The copy command cp $SRC/$f $DST will end up doing this:

cp /hd1/home/$USER/.phonesync/photos-backup///hd1/home/$USER/.phonesync/photos-backup/yourfile.jpg /hd1/home/$USER/.phonesync/photos-new
Which, as you can see, just doesn't make sense.

So here's what I would do:

cd $SRC
for f in *
do
  FMD5=$(md5sum $f)
  grep -q $FMD5 $MD5
  if [[ $? -ne 0 ]]; then
    cp $f $DST
    md5sum $f >> $MD5
  fi
done

As I said earlier, it's all a matter of messing up with pathnames, but this should do the trick.

1 Like

Why not simply check the dest folder .....

SRC=/user/nick/.phonesync/photos-backup
DST=/user/nick/.phonesync/photos-new

for f in $SRC/*
do
  test -x $DST/$f
  if [[ $? -ne 0 ]]; then
    cp $SRC/$f $DST
  fi
done

The "why not" was explained in message #8 in this thread.

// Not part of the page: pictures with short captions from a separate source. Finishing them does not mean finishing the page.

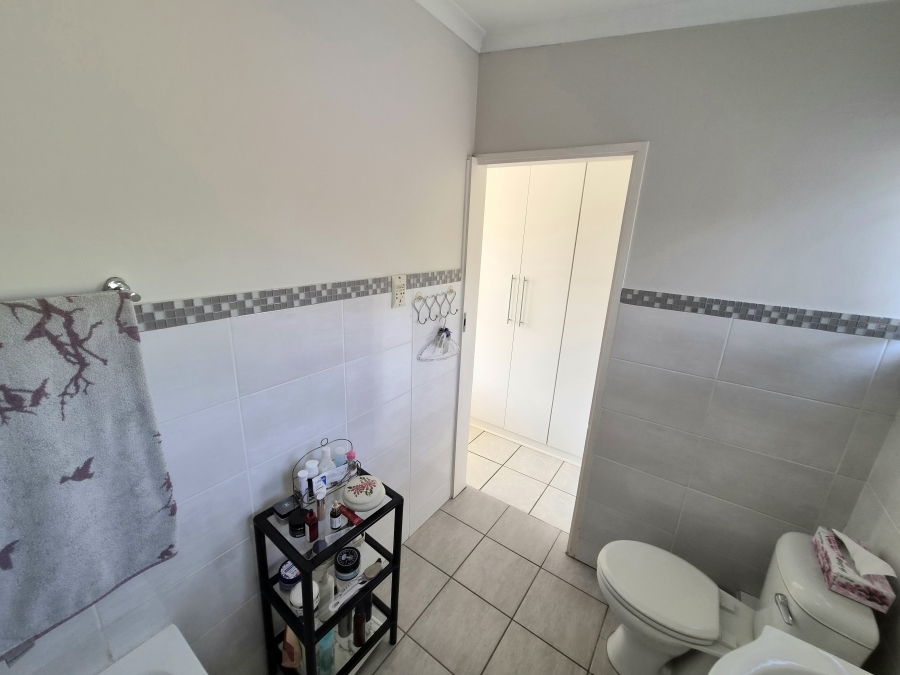 3 Bedroom Property for Sale in Montrose KwaZulu-Natal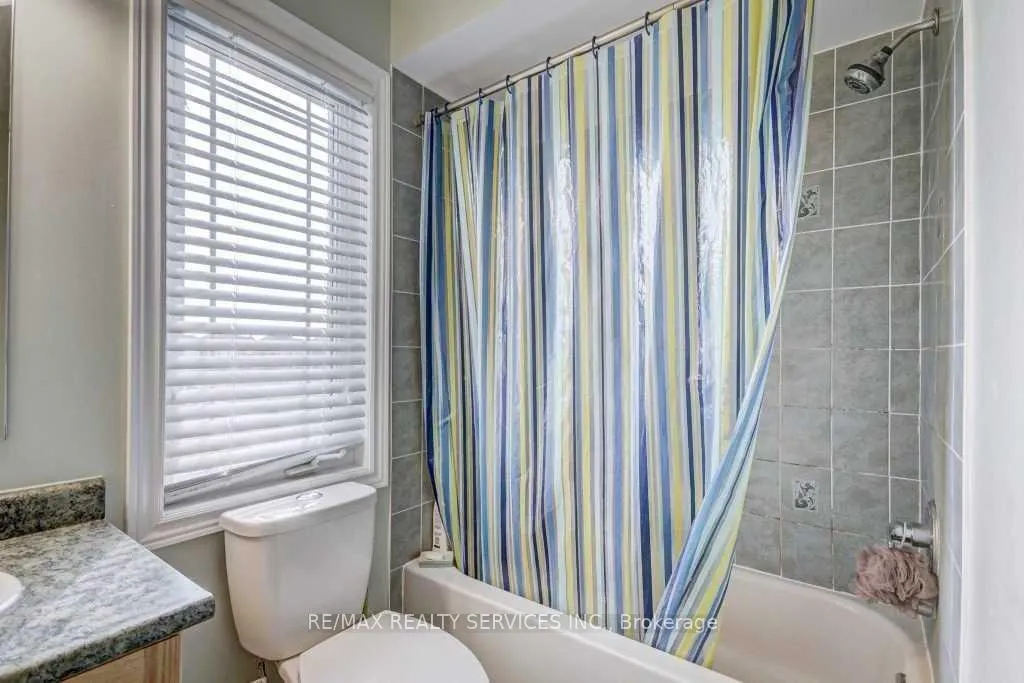 Photo 15 of 19 Putnam Drive, Brampton, Fletcher's Meadow — HOMEH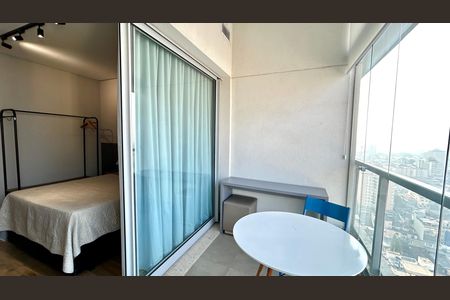 Studio para alugar com 29m², 1 quarto e sem vaga Studio para alugar com 29m², 1 quarto e sem vagaVaranda
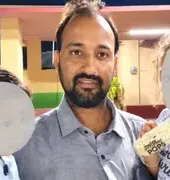 बिहार में ऑटो में दो मासूम बच्चों को छोड़कर मां लापता, सोशल मीडिया पर तस्वीर देख बलिया से थाने पहुंचे पिता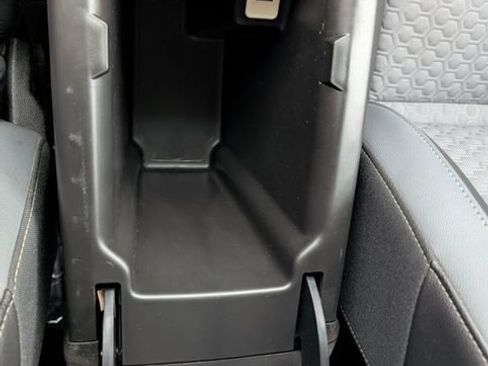 Used 2016 Chevrolet Colorado Z71 AWD/4WD image 19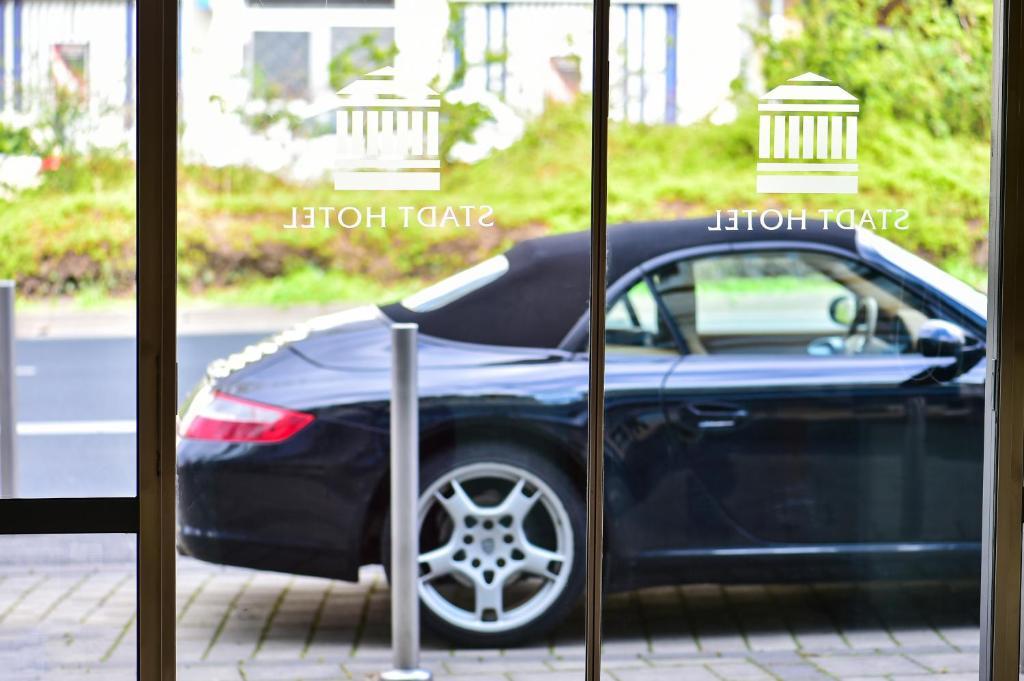 Stadt Hotel イーザーローン エクステリア 写真
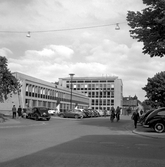 Bilar och cyklar vid Sjukkassan på Fredsgatan, 1960-tal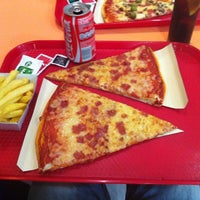Foto tirada no(a) Pizzas Liberty por Jeronet em 8/25/2012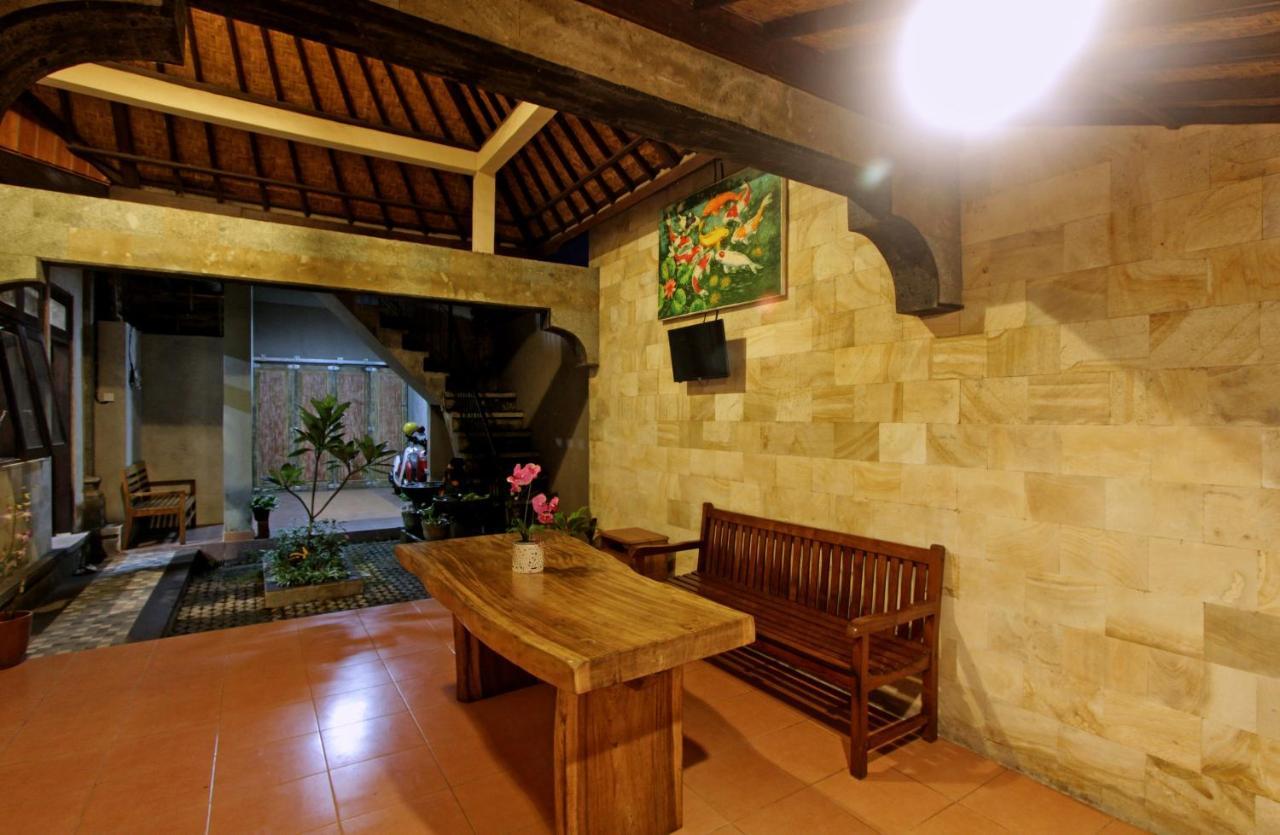 Sari House Ubud - Balinese Style Homestay Zewnętrze zdjęcie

But, even if this idea would work, the code presented above would not; $f consists of the expansion of $SRC a slash and filename where filename is the name of a file in $SRC , so:

  test -x $DST/$f

tests for the existence of a file with the pathname $DST/$SRC/filename which will never be true.

1 Like

This is the final working script!

#!/bin/bash

# The username variable passed by command line to this script
USER=$1

# The source directory where the photo folder on the phone is mirrored to
SRC=/hd1/home/$USER/.phonesync/photos-backup

# The destination directory where we want to copy only new photos we have not copied before
DST=/hd1/home/$USER/.phonesync/photos-new

# The MD5 list file that tracks which files we have copied before
MD5=/hd1/home/$USER/.phonesync/photos-backup.md5

# Check files against the MD5 list and then copy if not previously copied
# Then add the md5 for that file to the MD5 list
cd $SRC
for f in *
do
  FMD5=$(md5sum $f)
  grep -q $FMD5 $MD5
  if [[ $? -ne 0 ]]; then
    cp $f $DST
    md5sum $f >> $MD5
  fi
done

# In case this script gets run as root, redo the file ownership so users can access their photos
chown -R $USER:$USER $DST

THANK YOU ALL! I've learned a little through this process. I wish I could say I understood it all. But the most useful thing I probably learned here was the "set -x" tool to help me see what a failing script is doing. Thank you everyone!